Wednesday, July 25, 2018

Sashays and Sambas

—Poems by Tom Goff, Carmichael, CA
—Photos by Katy Brown, Davis, CA



HEGEMONY

The latest thing, if serious trends are things,
is taking stock of our white privilege.
So YouTube tells us, if we care to dredge,
this residue, this stubborn substance, clings
to our words: Long time no see is pidgin talk,
one tic drawn from the stereotype-stacked deck
of cartoon, cardboard Asians. Racist dreck
sinks deep roots: how to uproot the conquest stalk?
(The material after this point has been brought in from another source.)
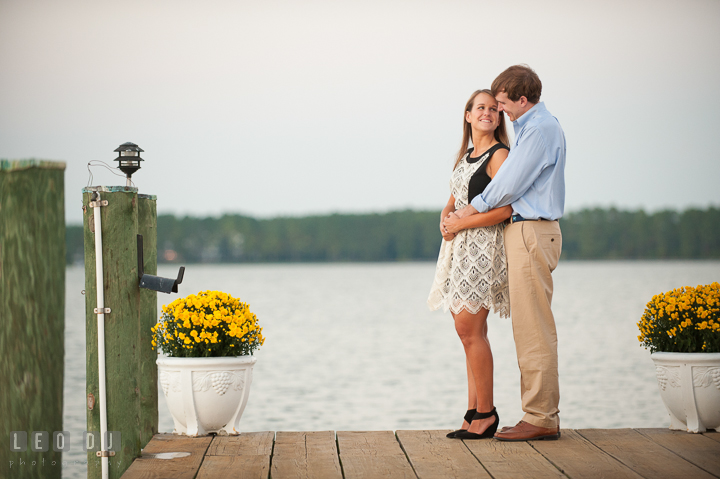 Engaged guy hugging his fiancée on a boat dock. Oxford, Eastern Shore Maryland pre-wedding engagement photo session, by wedding photographers of Leo Dj Photography. http://leodjphoto.com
I see my pale midriff swell with the Bulge,
marbling me telltale white—quite different than
the malnutrition bulge distending Tran’s
or Yasmin’s tiny bellies: we can indulge.
What change comes of our knowing? What can be done?
I do blush, reflecting, “Free, white, and twenty-one.”






SAMUEL JOHNSON, DICTIONARY MAKER,
REGARDS HIS PATRON LORD CHESTERFIELD
(A Prequel)

And I may hope, my Lord, [to be] considered as exercising a 
kind of vicarious jurisdiction…as the delegate of your Lordship.

     —Johnson, from
The Plan of a Dictionary (1747)

… I hereby declare that I make a total surrender of all my rights
and privileges in the English language, as a free-born British 

subject, to the said Mr. Johnson, during the term of his dictatorship.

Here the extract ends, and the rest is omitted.